In the run-up to the previous consistory, we’ve heard often that one of the duties of cardinals is to aid the pope in all manner of Church-related affairs. Exactly how that takes shape became clear yesterday, as the new cardinals have been appointed to seats on various congregations, tribunals, councils and committees. Here follows a list of the dicasteries and the new cardinals that were assigned to them.

  • Congregation for the Doctrine of the Faith: Cardinals Alencherry, Filoni and Coccopalmerio
  • Congregation for the Oriental Churches: Cardinals Alencherry, Dolan, Muresan, Filoni and O’Brien
  • Congregation for Divine Worship and the Discipline of the Sacraments: Cardinal Vegliò
  • Congregation for the Causes of the Saints: Cardinals Monteiro de Castro and Abril y Castelló
  • Congregation for Bishops: Cardinals Monteiro de Castro, Abril y Castelló, Bertello and Versaldi
  • Congregation for the Evangelisation of Peoples: Cardinals Tong Hon, Abril y Castelló, Bertello and Calcagno
  • Congregation for the Clergy: Cardinals Eijk and Braz de Aviz
  • Congregation for Institutes of Consecrated Life and Societies of Apostolic Life: Cardinals Duka and Versaldi
  • Congregation for Education: Cardinals Collins, Eijk, Betori, Woelki, Filoni, Braz de Aviz and O’Brien
  • Supreme Tribunal of the Apostolic Signatura: Cardinals Coccopalmerio and Versaldi
  • Pontifical Council for the Laity: Cardinal Vegliò
  • Pontifical Council for Promoting Christian Unity: Cardinals Woelki and Coccopalmerio
  • Pontifical Council for the Family: Cardinal Vegliò
  • Pontifical Council for Justice and Peace: Cardinals Duka and Bertello
  • Pontifical Council “Cor Unum”: Cardinal O’Brien
  • Pontifical Council for Pastoral Care of Migrants and Itinerant People: Cardinal Monteiro de Castro
  • Pontifical Council for the Pastoral Care of Health Care Workers: Cardinal Calcagno
  • Pontifical Council for Interreligious Dialogue: Cardinal Tong Hon
  • Pontifical Council for Culture: Cardinal Betori
  • Pontifical Council for Social Communications: Cardinals Collins and Dolan
  • Pontifical Council for the Promotion of the New Evangelisation: Cardinal Dolan
  • Pontifical Committee for the International Eucharistic Congresses: Cardinal Braz de Aviz
Both new to the Congregation for Education: Cardinals Thomas Collins and Wim Eijk

All the Church’s cardinals under the age of 80 (and some over 80) have one or more functions within the dicasteries of the Roman Curia. This is in addition to their regular duties as diocesan bishops or curial prelates. In practice it means that they’ll have to be in Rome a bit more often than before.

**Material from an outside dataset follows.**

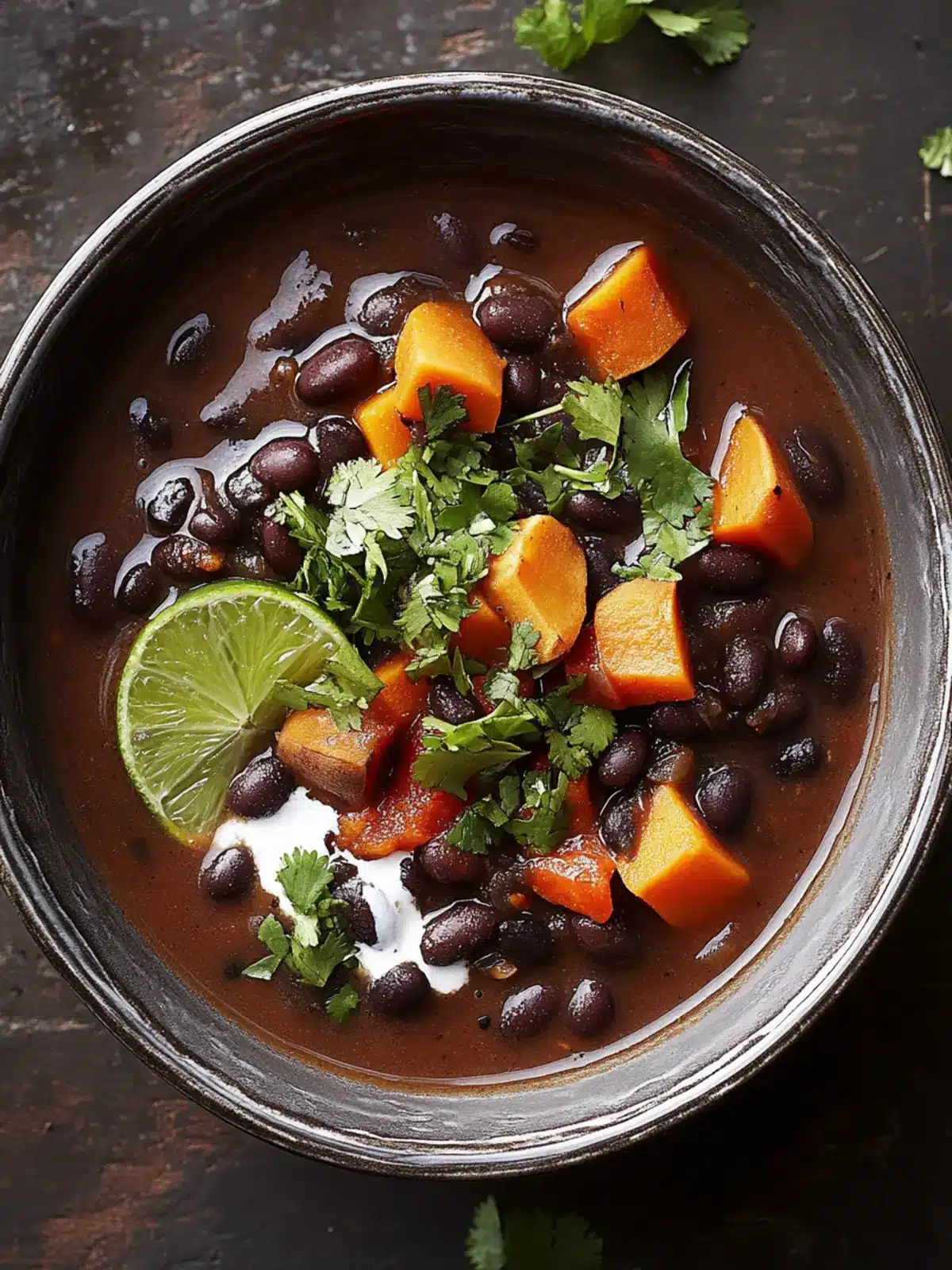 Hearty Smoky Black Bean Soup with Sweet Potatoes & Lime Magic 4 Hearty Smoky Black Bean Soup with Sweet Potatoes and Lime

Our own Cardinal Eijk has been appointed to the Congregations for Clergy (responsible for all secular priests and deacons) and Education (seminaries and Catholic schools). He will than be in Rome for up to four times a year, as these dicasteries meet. Cardinal Eijk will not be needed in Rome for the day-to-day affairs of the Congregations and, even then, he will of course be able to do a significant amount of work from Utrecht.

These appointments form one of two steps that fully integrate new cardinals into the curia. The other step is the official taking possession of their title churches. This can take some time, sometimes up to a year after the consistory in which a cardinal was created.  Of the latest batch, only Cardinals Filoni and Grech have done so. Cardinals Becker, Monteiro de Castro and Tong Hon will take possession of their churches today, and Cardinal Coccopalmerio will follow on Thursday. The dates for the other cardinals are not yet known.